Recently, Paul Graham, the founder of the prime Silicon Valley capital firm Y Combinator, made some comments in an interview about how, according to his data, a strong accent in an entrepreneur is strongly correlated with their companies failing. Unsurprisingly, as the notion of an accent is tightly correlated with nationalities and races, a big kerfuffle arose so much so that Mr.Graham himself had to write a piece explaining himself to people calling him ugly names.

As someone who has been interested in languages and accents, both personally and academically, the entire debacle has been a fascinating one to watch, somehow reminding me about the Turkish saying “a mad man throws a stone into a well and thousand clever men can’t get it out”. But as I read more and more of the blog posts and comments and tweets, I decided that it is now my turn to throw a stone into the well of the internets.

Before I came to U.S. in 2006, I attended an American high school in Turkey where the primary language of instruction was English. During my time, I was heavily involved in the Model United Nations club, which meant that I had to be speaking English outside of school and I was lucky enough to give public speeches, in English, when I was 17, to thousands of people.

When it was time for me to pick a college in the U.S., my choice of CMU was partly driven by the fact that it had a small Turkish community which would allow me to make more American and international friends, which I did. I’m assuming that since 2006, I have spoken and read more English than Turkish by orders of magnitude; most of my close friends in the U.S. are Americans and at this point, I find myself even slurring my speech in Turkish, speaking certain words with an English tonality. Moreover, I have actually studied cognitive science (not computer science!) during college, specializing in linguistics, so this puts me in a special place to strategically aim stone, like no one else can get it out.

Let’s first look at what venerable Paul Graham actually said about accents, before making any judgements.

One quality that’s a really bad indication is a CEO with a strong foreign accent. I’m not sure why. It could be that there are a bunch of subtle things entrepreneurs have to communicate and can’t if you have a strong accent. Or, it could be that anyone with half a brain would realize you’re going to be more successful if you speak idiomatic English, so they must just be clueless if they haven’t gotten rid of their strong accent. I just know it’s a strong pattern we’ve seen.

Taken verbatim, or parsed like a computer, this is a benign statement. Paul Graham and the folks at Y Combinator have probably worked with more startups than most people in Silicon Valley and it’s a natural tendency to look for patterns and explanations for interesting phenomena when you are exposed to so many of the similar things at once.

Nevertheless, what Paul Graham is seemingly missing is that communication doesn’t happen just through words we speak but the context in which such words uttered also matter equally, if not more so. The context brings along all sorts of prejudices, preconceived notions and especially for a semi-public figure like Paul Graham himself, who owns part of his fame to his eloquent essays, it’s the author’s responsibility to somewhat adjust his narrative to the audience.

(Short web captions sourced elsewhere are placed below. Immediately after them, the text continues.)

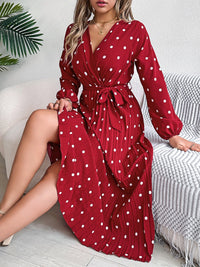 Tied Polka Dot Long Sleeve Midi Dress Trandify deal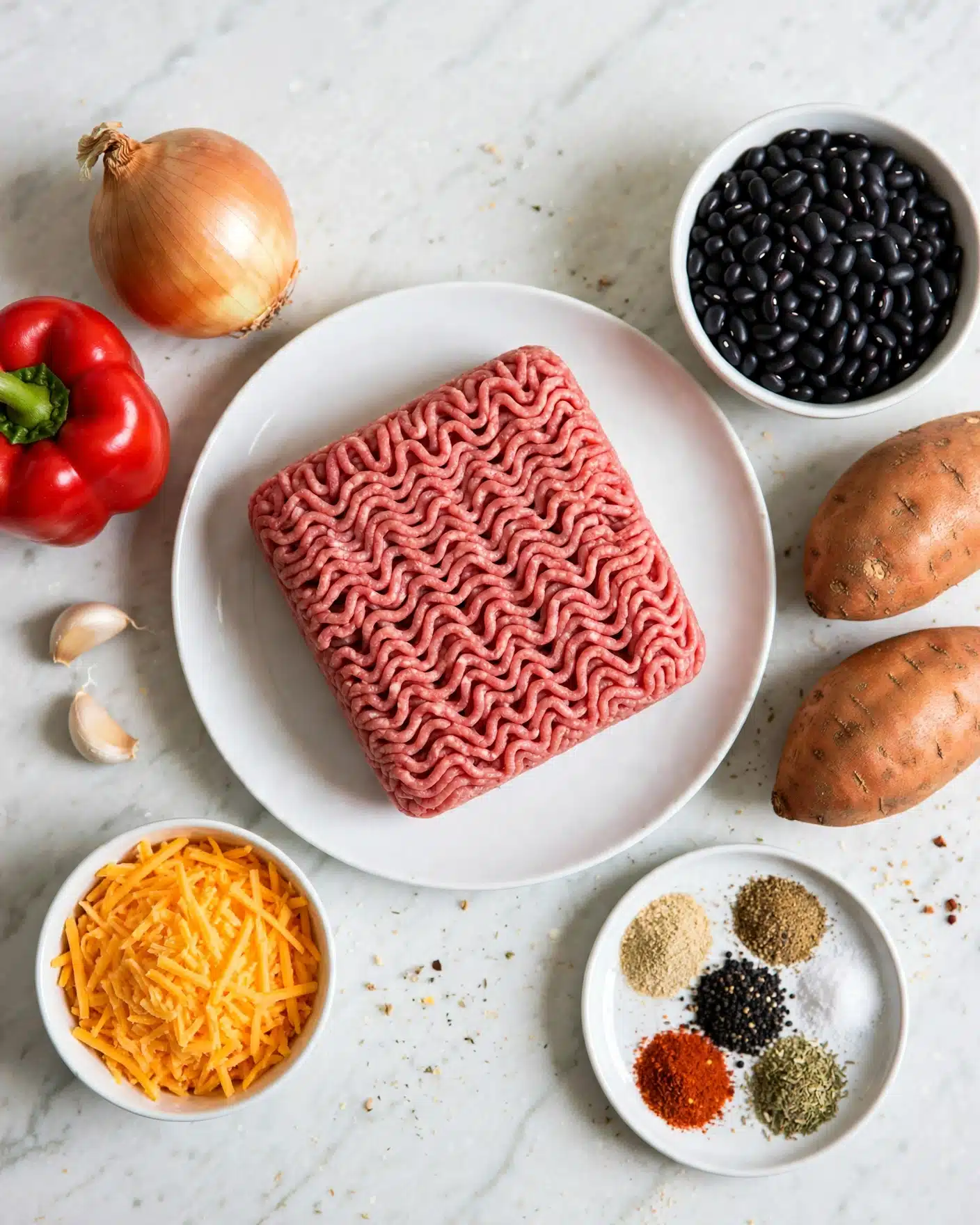 Southwest Ground Beef and Sweet Potato Skillet Recipe 4 A white plate holds a large rectangular block of raw ground meat with a pinkish-red color and a wavy texture on top, surrounded by various ingredients on a white marbled surface. To the left, there is a whole yellow onion beside a red bell pepper, and two garlic cloves nearby. On the right side, a white bowl is filled with shiny black beans, and next to it are two whole sweet potatoes with a rough, brownish-orange skin. At the front left, a small white bowl contains shredded bright orange cheddar cheese, while at the front right, another white bowl holds an array of colorful spices arranged in small piles including light beige, dark brown, black, white, red, and greenish shades. Photo taken with an iphone --ar 4:5 --v 7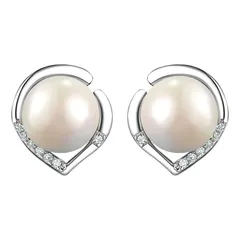 Mare(マーレ) パール ピアス レディース 人気 シンプル 一粒 シルバー925 アクセサリー ジルコニア プレゼント 誕生日 金属アレルギー 結婚式 パーティ 女性 (シルバー)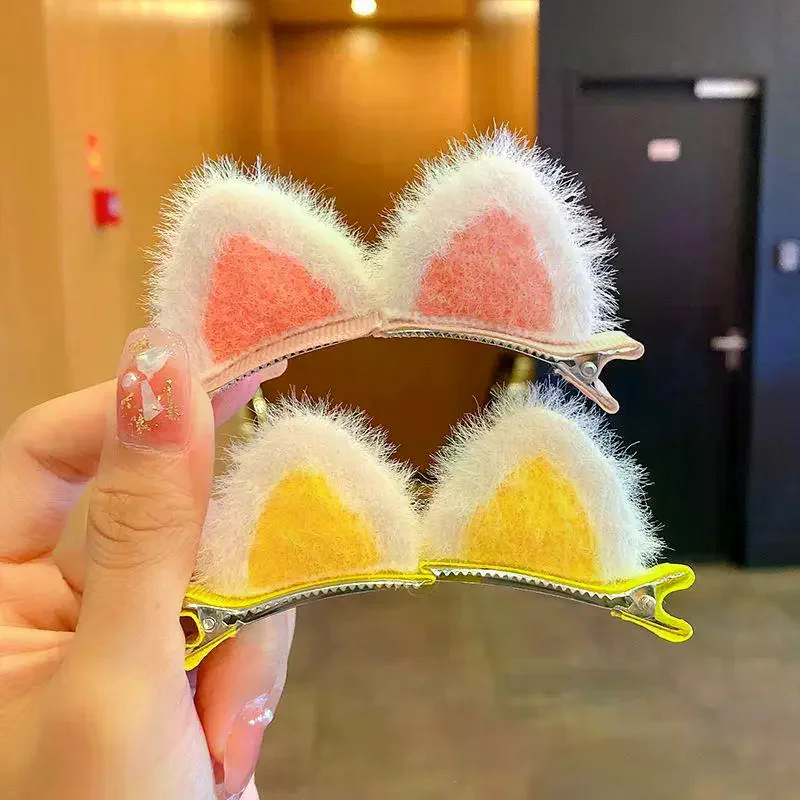 2PCS Plush Cat Ear Hair Clips Set Cute Cartoon Stereoscopic Design Korean Style For Little Girls Hair Accessories Fashion - Detail 1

There’s a curious and slightly frustrating tendency in people with scientific backgrounds to assume their audience they are speaking to has to have the same level and type of sophistication and it’s simply “phony” to adjust the way they speak, both in tone and content, to make themselves easier to understand or maybe just not horribly offend the other party. It’s also curious that this tendency, or social oddity if you will, seems to be amplified in people working with computers, where it’s tempting to reduce all sorts of information to its pure essence while actually losing information that’s not so easily coded in terms of words and phrases, but actually is more transient and context dependent, meaning that in order to represent a specific piece of information, you’d have to code the entire state of the world, almost literally speaking.

Note that Paul Graham mentioned not only people with accents but actually said “people with strong foreign accents”(emphasis mine). Surely, you can argue that I’m nitpicking words but hey, Mr.Graham is the native speaker here himself and one could only assume (or care) he’s picking his words with utmost care and precision, given we are talking about languages here and I’m just giving him and his words the respect they deserve.

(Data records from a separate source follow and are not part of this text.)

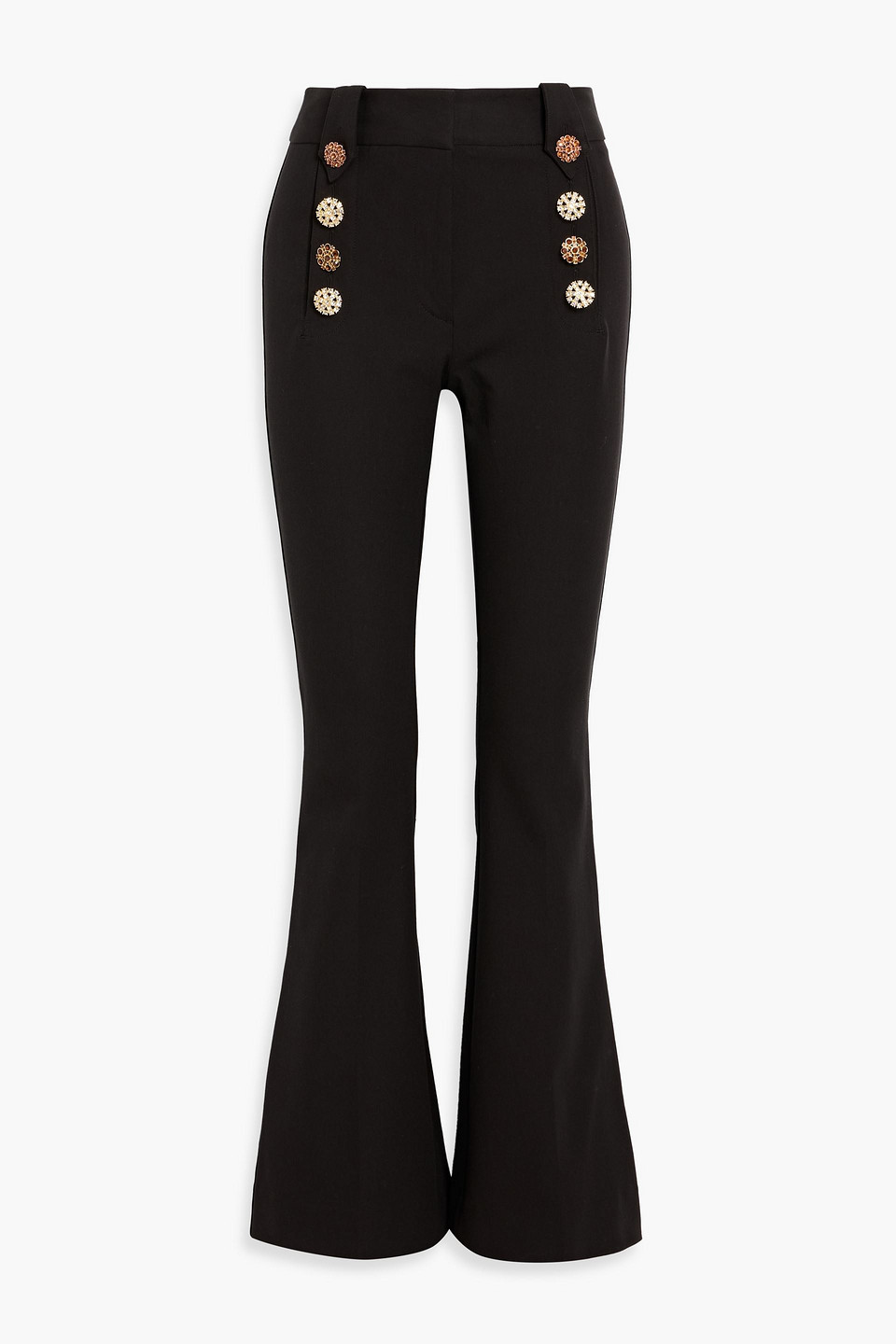 Derek Lam 10 Crosby Robertson Embellished Cotton-blend Twill Flared Pants In Black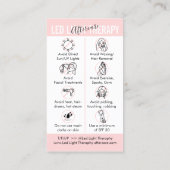 Carte De Visite Guides d'après-soins de thérapie par la lumière di (Dos)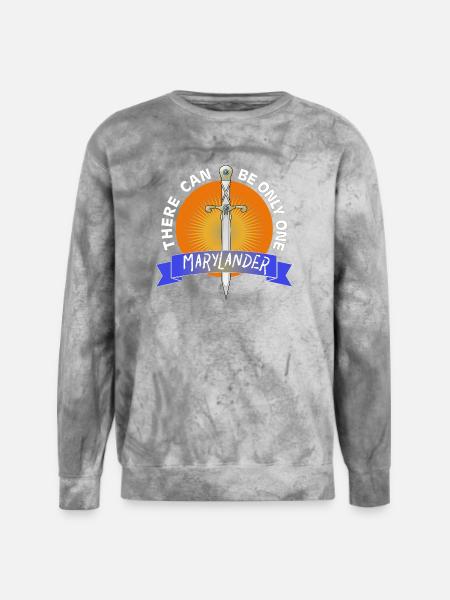 Marylander Sword Emblem Crest - Unisex Colorblast Crewneck Sweatshirt - smoke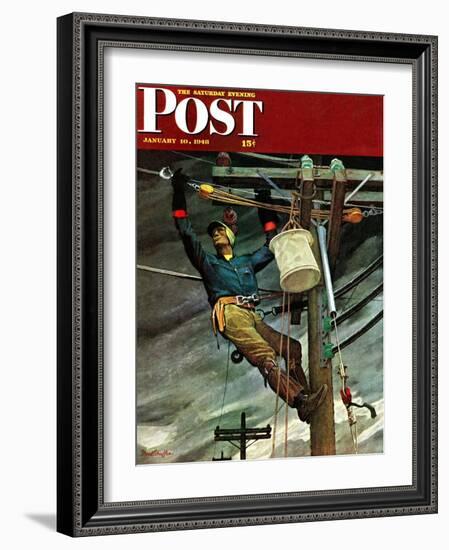 "Telephone Lineman," Saturday Evening Post Cover, January 10, 1948-Mead Schaeffer-Framed Giclee Print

So, as soon you start talking about “people with strong foreign accents”, you immediately bring race and nationality into play, which even, or maybe especially, in the Land of True and Unadulterated Meritocracy that is Silicon Valley, is a third-rail. Thus, after those words were published and publicized, just like on cue, people of all sorts started calling Paul Graham racist, a xenophobe, a hypocrite, and many other unspeakable things. I’m sure his fame, his wealth as well as the “rich, white men” stereotype that he unfortunately seems to fit in didn’t help the matters much and his close ties to the technology sector where there’s seems to disproportionate number of people with accents and foreign born individuals made it an even juicier subject.

I have no reason to believe that Paul Graham is any of those things people call him. If anything, from what I can tell, he’s passionate about allowing more foreign born nationals to U.S., for one reason or another. It could be an altruistic motive but for this discussion it could simply be that he wants more labor force available to his companies. In either case, Paul Graham, argued many times on Twitter, on comments section on Hacker News and his response, that he is on the founders’ side on this debate and he actually is trying so frantically to help people and I believe him. But sometimes, there seems to be some room for improvement in his tone, delivery, and the actual content of his messages.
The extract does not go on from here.